At the same time, it also delivers a bird’s eye view of infrastructure, networks, and assets, to enable the logistical effects and risks of change to be clearly identified.
Who does RapidRail benefit – and why?
RapidRail is aimed at railway operators, infrastructure managers and research institutions, but also other simulation providers, who can use it to read in train positions and infrastructure state information to provide users with a more realistic, real-time, value-added visual representation.
So, what makes RapidRail the solution of choice for these applications?
Firstly, realism is obviously a huge benefit.
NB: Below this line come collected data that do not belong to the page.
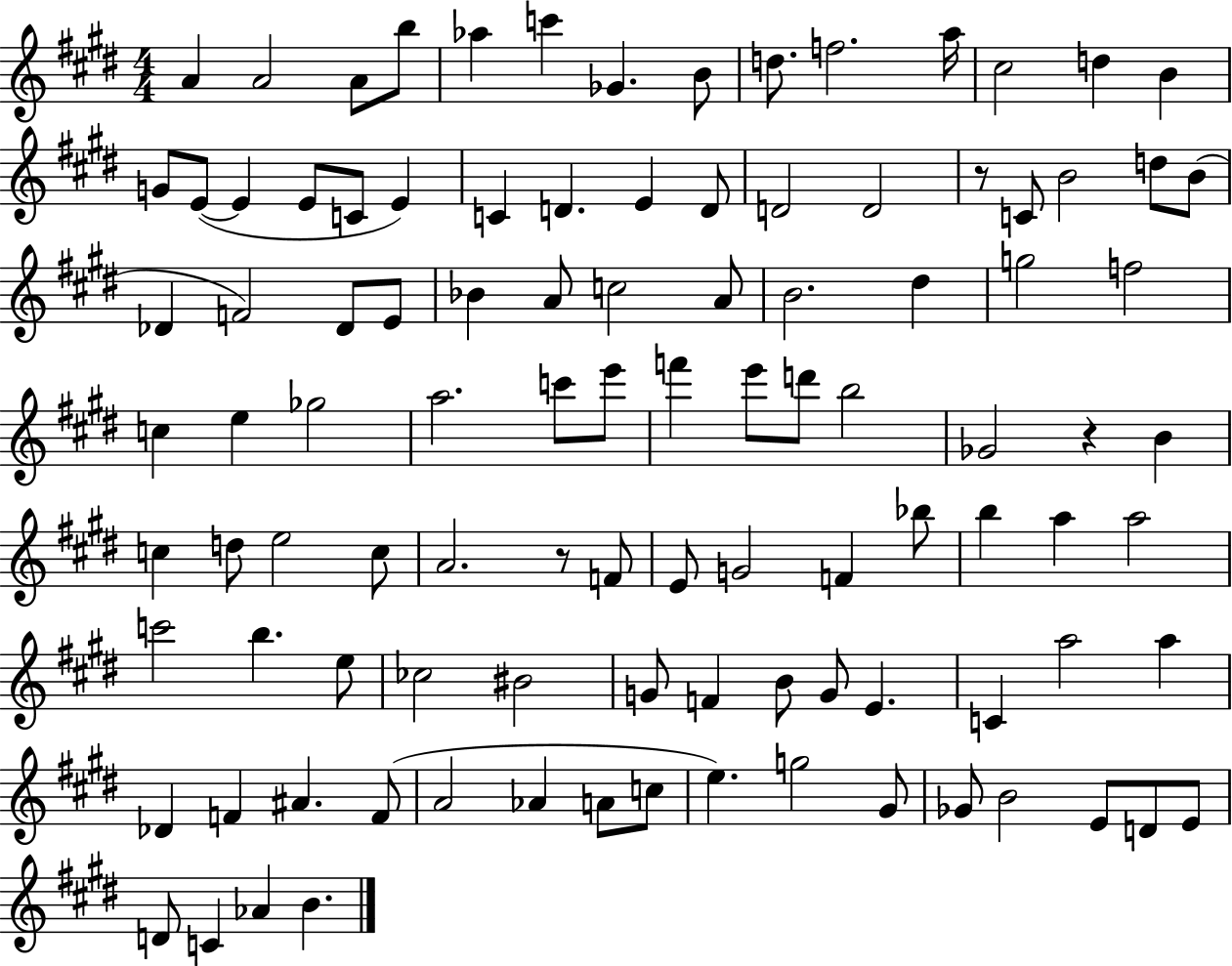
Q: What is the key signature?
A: E major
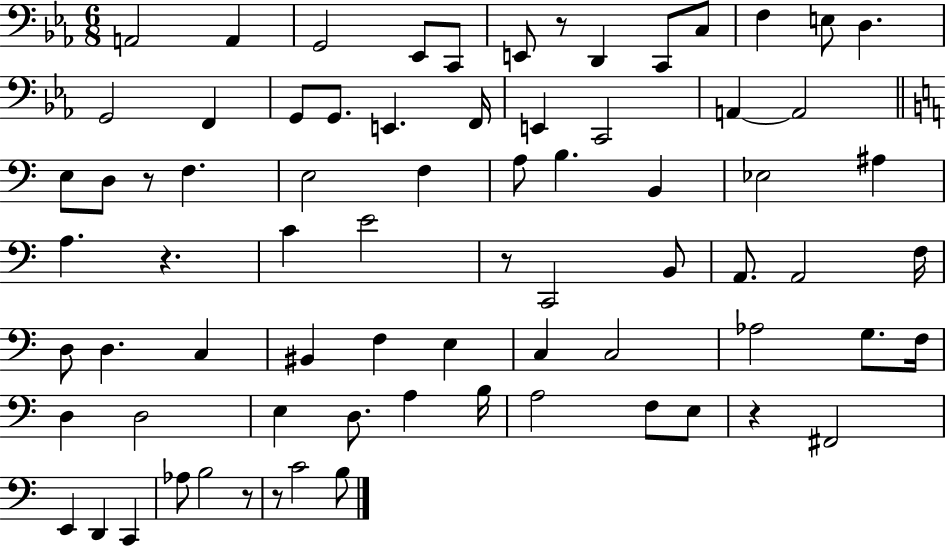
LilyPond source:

{
  \clef bass
  \numericTimeSignature
  \time 6/8
  \key ees \major
  a,2 a,4 | g,2 ees,8 c,8 | e,8 r8 d,4 c,8 c8 | f4 e8 d4. | \break g,2 f,4 | g,8 g,8. e,4. f,16 | e,4 c,2 | a,4~~ a,2 | \break \bar "||" \break \key c \major e8 d8 r8 f4. | e2 f4 | a8 b4. b,4 | ees2 ais4 | \break a4. r4. | c'4 e'2 | r8 c,2 b,8 | a,8. a,2 f16 | \break d8 d4. c4 | bis,4 f4 e4 | c4 c2 | aes2 g8. f16 | \break d4 d2 | e4 d8. a4 b16 | a2 f8 e8 | r4 fis,2 | \break e,4 d,4 c,4 | aes8 b2 r8 | r8 c'2 b8 | \bar "|."
}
RapidRail uses technology developed in the games industry to provide users with an immersive visual experience that’s strong on detail.
Secondly, RapidRail enables new, physically authentic environments to be created in minutes, using standard, off-the-shelf, PC hardware – so high-quality output is achievable for relatively little effort, and at low cost.
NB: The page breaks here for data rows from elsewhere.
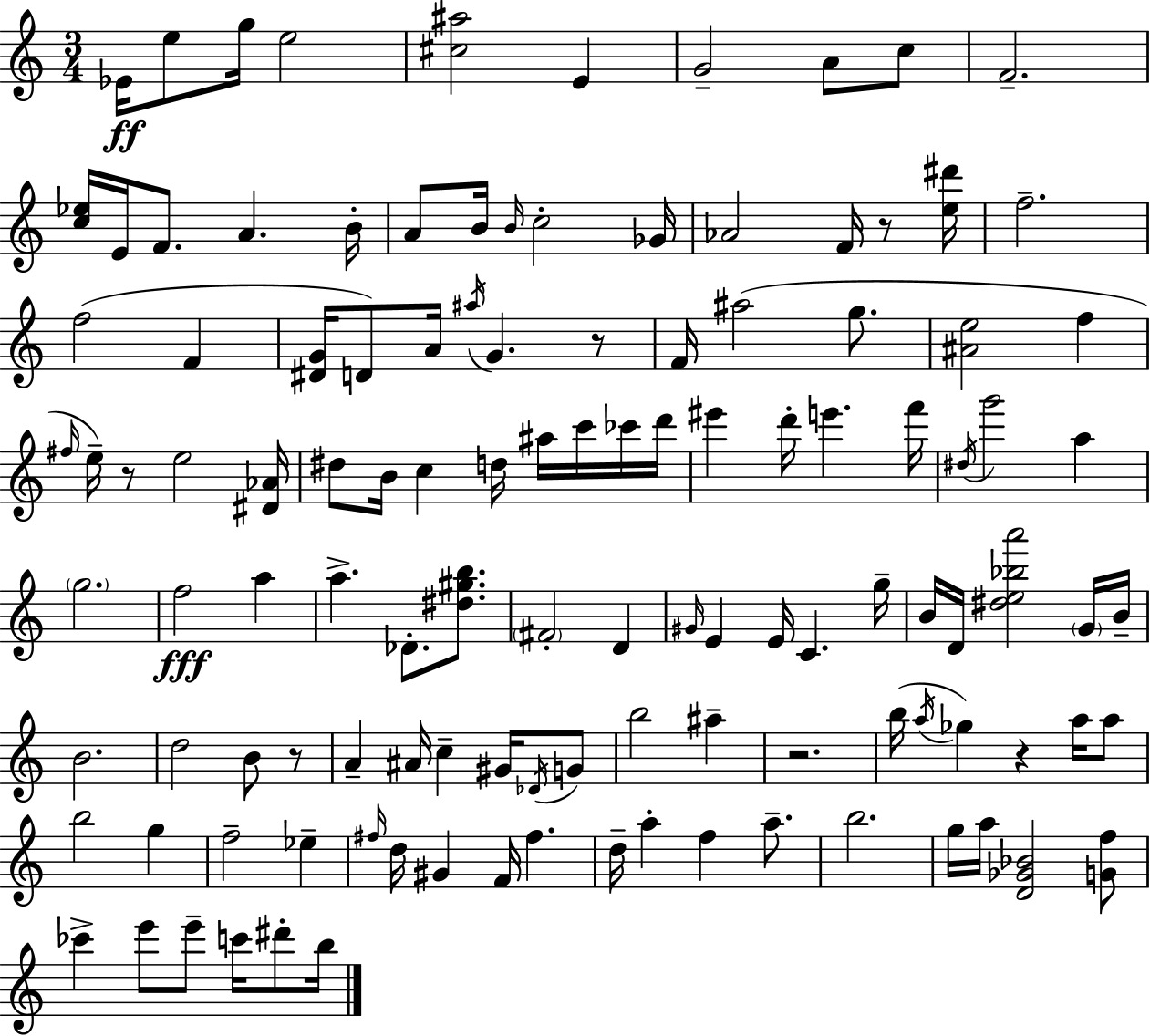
X:1
T:Untitled
M:3/4
L:1/4
K:C
_E/4 e/2 g/4 e2 [^c^a]2 E G2 A/2 c/2 F2 [c_e]/4 E/4 F/2 A B/4 A/2 B/4 B/4 c2 _G/4 _A2 F/4 z/2 [e^d']/4 f2 f2 F [^DG]/4 D/2 A/4 ^a/4 G z/2 F/4 ^a2 g/2 [^Ae]2 f ^f/4 e/4 z/2 e2 [^D_A]/4 ^d/2 B/4 c d/4 ^a/4 c'/4 _c'/4 d'/4 ^e' d'/4 e' f'/4 ^d/4 g'2 a g2 f2 a a _D/2 [^d^gb]/2 ^F2 D ^G/4 E E/4 C g/4 B/4 D/4 [^de_ba']2 G/4 B/4 B2 d2 B/2 z/2 A ^A/4 c ^G/4 _D/4 G/2 b2 ^a z2 b/4 a/4 _g z a/4 a/2 b2 g f2 _e ^f/4 d/4 ^G F/4 ^f d/4 a f a/2 b2 g/4 a/4 [D_G_B]2 [Gf]/2 _c' e'/2 e'/2 c'/4 ^d'/2 b/4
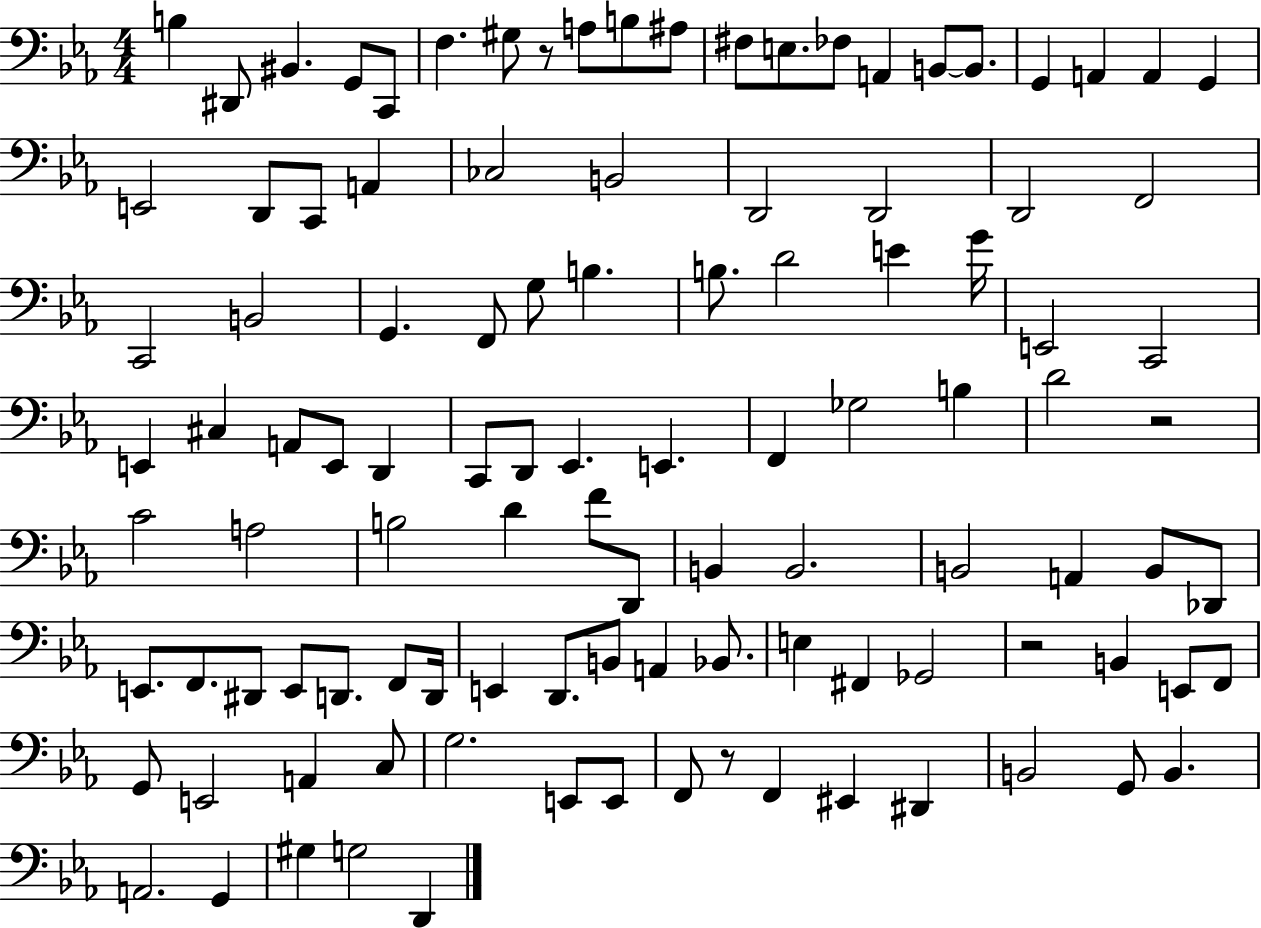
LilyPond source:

{
  \clef bass
  \numericTimeSignature
  \time 4/4
  \key ees \major
  b4 dis,8 bis,4. g,8 c,8 | f4. gis8 r8 a8 b8 ais8 | fis8 e8. fes8 a,4 b,8~~ b,8. | g,4 a,4 a,4 g,4 | \break e,2 d,8 c,8 a,4 | ces2 b,2 | d,2 d,2 | d,2 f,2 | \break c,2 b,2 | g,4. f,8 g8 b4. | b8. d'2 e'4 g'16 | e,2 c,2 | \break e,4 cis4 a,8 e,8 d,4 | c,8 d,8 ees,4. e,4. | f,4 ges2 b4 | d'2 r2 | \break c'2 a2 | b2 d'4 f'8 d,8 | b,4 b,2. | b,2 a,4 b,8 des,8 | \break e,8. f,8. dis,8 e,8 d,8. f,8 d,16 | e,4 d,8. b,8 a,4 bes,8. | e4 fis,4 ges,2 | r2 b,4 e,8 f,8 | \break g,8 e,2 a,4 c8 | g2. e,8 e,8 | f,8 r8 f,4 eis,4 dis,4 | b,2 g,8 b,4. | \break a,2. g,4 | gis4 g2 d,4 | \bar "|."
}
Thirdly, RapidRail can be integrated with existing simulations and can incorporate special asset packs for client-specific geographic and topographical features, so it is highly customisable.
3D, VR, AR: the direction of travel
In reality, of course, one of the reasons railway visualisation solutions now meet with such success is that the world in general – not just the rail industry – is moving towards a “virtual normal”, where technologies like 3D, simulation, Virtual Reality (VR), and Augmented Reality (AR) are no longer just specialist tools for esoteric applications.
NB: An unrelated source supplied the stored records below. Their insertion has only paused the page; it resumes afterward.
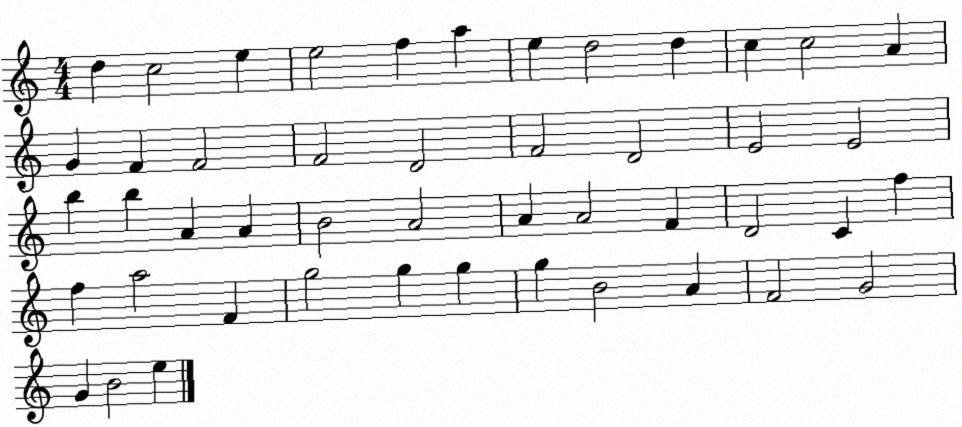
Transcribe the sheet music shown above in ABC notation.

X:1
T:Untitled
M:4/4
L:1/4
K:C
d c2 e e2 f a e d2 d c c2 A G F F2 F2 D2 F2 D2 E2 E2 b b A A B2 A2 A A2 F D2 C f f a2 F g2 g g g B2 A F2 G2 G B2 e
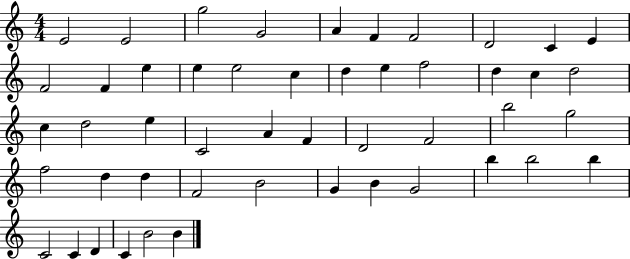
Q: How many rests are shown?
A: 0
Instead, as we explored in a previous post, they are becoming everyday experiences that form the expected basis of an entire generation’s electronic engagement with sellers, suppliers, employers, and public services, to name just a few.
Rail, for its part, is being swept up into this immersive way of doing business just like many other industries – automotive, aerospace, training – and arguably even more extensively.
In fact, 3D and VR techniques are now in use in rail contexts for everything from infrastructure design validation and engineering planning at one end of the scale, to improved customer experience at the other (take a look at the Rail Experience Demonstrator we developed for Transport for London here, for example).
Delivering more with less
And if there were any doubt about the need for the rail industry to adopt 3D, VR, and AR technologies to remain competitive and viable, it’s worth remembering that ERTMS is part of a strategy to enable rail networks to deliver a great deal more capacity without adding to track length, as Europe moves steadily away from road transport and to a greener rail transport agenda.
In short, ERTMS is about squeezing maximum value out of what’s already there, using innovations like platooning and digital automatic coupling to, in essence, compress more journeys onto the same network – and more trains onto the same rails.
And when you “sweat the asset” to that degree you need to be very, very sure indeed about what is where, when, and who can see it – before you go live with it.
Better by far, after all, that an incident happens in a virtual world, rather than the real one.